Have the finale in Argentina, market the heck out of it so people know it’s happening, and start it before football. Viewership would increase.

Jacob

MP: Depending on where you live in the U.S., like the East Coast, yes, F1 races are on first thing in the morning. If you’re on the West Coast, those races often start at ungodly hours, so it’s not a convenient-starting-time thing. It’s a F1-is-just-super-popular thing.

If you consider how F1 and NASCAR, which are much bigger than IndyCar and can survive going head-to-head with football without suffering damage to their TV ratings, are also racing into October and November, and IMSA goes to the middle of October with its Petit Le Mans finale, I’m not sure there are a lot of weekends that jump out as super free and uncluttered for IndyCar to make a big impression.

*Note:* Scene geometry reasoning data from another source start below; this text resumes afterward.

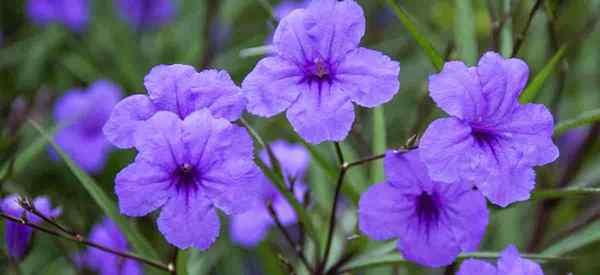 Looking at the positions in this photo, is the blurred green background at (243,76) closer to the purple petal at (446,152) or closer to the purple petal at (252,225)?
the purple petal at (252,225)

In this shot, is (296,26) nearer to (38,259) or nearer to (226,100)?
(226,100)

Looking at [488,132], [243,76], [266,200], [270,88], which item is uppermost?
[270,88]

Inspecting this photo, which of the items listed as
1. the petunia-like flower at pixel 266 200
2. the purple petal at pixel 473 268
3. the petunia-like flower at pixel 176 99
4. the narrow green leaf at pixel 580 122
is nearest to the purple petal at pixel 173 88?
the petunia-like flower at pixel 176 99

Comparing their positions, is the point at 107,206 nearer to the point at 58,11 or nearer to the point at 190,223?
the point at 190,223

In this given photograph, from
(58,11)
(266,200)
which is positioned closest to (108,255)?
(266,200)

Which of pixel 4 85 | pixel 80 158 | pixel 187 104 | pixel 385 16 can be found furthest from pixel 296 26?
pixel 385 16

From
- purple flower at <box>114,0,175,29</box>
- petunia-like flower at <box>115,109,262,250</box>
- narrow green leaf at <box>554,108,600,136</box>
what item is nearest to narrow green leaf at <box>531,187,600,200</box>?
narrow green leaf at <box>554,108,600,136</box>

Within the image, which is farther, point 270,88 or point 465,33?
point 465,33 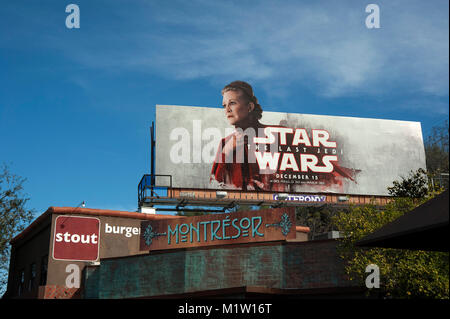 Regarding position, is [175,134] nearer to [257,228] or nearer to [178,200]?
[178,200]

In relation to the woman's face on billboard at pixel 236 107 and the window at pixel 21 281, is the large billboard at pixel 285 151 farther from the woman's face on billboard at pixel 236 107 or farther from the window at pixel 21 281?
the window at pixel 21 281

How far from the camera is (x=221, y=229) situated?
21.4 meters

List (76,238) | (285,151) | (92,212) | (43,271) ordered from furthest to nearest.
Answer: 1. (285,151)
2. (43,271)
3. (92,212)
4. (76,238)

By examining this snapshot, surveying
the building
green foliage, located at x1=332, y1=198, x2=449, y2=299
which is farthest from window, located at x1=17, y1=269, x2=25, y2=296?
green foliage, located at x1=332, y1=198, x2=449, y2=299

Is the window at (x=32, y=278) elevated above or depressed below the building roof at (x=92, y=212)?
below

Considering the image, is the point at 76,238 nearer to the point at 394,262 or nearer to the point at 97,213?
the point at 97,213

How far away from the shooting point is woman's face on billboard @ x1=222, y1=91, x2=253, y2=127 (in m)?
37.8

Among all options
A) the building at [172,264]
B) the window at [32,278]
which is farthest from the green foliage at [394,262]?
the window at [32,278]

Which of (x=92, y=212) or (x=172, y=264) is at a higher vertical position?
(x=92, y=212)

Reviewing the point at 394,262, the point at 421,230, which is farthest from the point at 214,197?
the point at 421,230

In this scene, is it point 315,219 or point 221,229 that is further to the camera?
point 315,219

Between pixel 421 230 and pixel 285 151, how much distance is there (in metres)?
30.9

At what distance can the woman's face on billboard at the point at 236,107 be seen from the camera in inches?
1487

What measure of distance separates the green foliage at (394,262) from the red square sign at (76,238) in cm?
1344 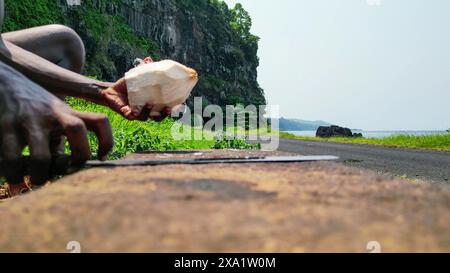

It’s not just the specter of going up against the NFL; it’s all the other big-time racing series, which are in the home stretch of their championships, that I’d expect to command a lot more attention than a non-points, counts-for-nothing exhibition race being held anywhere on the planet. (OK, IndyCar at Bathurst would be epic).

But overall, sure, you could run the race early and hope to catch some viewers, but if we’re talking about something that really makes a large TV impression, I’m struggling to see how Argentina or wherever else the post-season non-points race might be located, would be a ratings winner. I’d love for it to happen, but don’t know how it would.

You can get one big open-wheeler around Bathurst. But if you tried to have an IndyCar race there, you’d probably lose half the field in a pile-up at The Dipper on the first lap. It’d still be epic, though. Motorsport Images

Q: F1 is now hosting five races in North America, and if that one in Chicago goes ahead it’ll be six. Do you think this is enough for it to plan its F2 NA series? Something not aimed at rookies like F2; more like an IndyCar competitor. They’d have way more exposure with those five or six weekends than IndyCar gets with the 500.

If that were to happen, how many teams you think would switch from IndyCar to that F1-managed series?

Also, is it possible for a manufacturer like McLaren to buy engines from Chevy and make a McLaren-Chevy GTP, as it happens with their F1 and IndyCar program, or do IMSA/WEC rules require them to make a deal with a manufacturer that is not in the grid yet?

William Mazeo

MP: At the insane prices F1 charges, I can’t see how North American fans could support all five at the same high level without a COTA or Miami or Las Vegas suffering (Canada and Mexico will be fine), so adding Chicago would certainly dilute one or more of the other venues. If that happens, would F1 and its teams have to pay the negatively affected circuit an anti-dilution fee? (Sorry, too soon?)

CHRIS MEDLAND: I’m not sure about this one, William, because if it’s not the headline race on a schedule it doesn’t get anywhere near the amount of exposure that the main grand prix gets.

I do think it would be cool to have a North American F2 championship — but run to FIA F2 rules with the same car — that would allow strong Super License points and provide opportunities to more drivers from this region. Not that I see a Chicago race being added anytime soon, but even with the three U.S. races and Montreal and Mexico, there’s scope for 10 races if you follow F2’s current format.

Aside from the cost though, the biggest hurdle might be getting Las Vegas to allow support races, as those would mean shutting the streets down for even longer than they already do.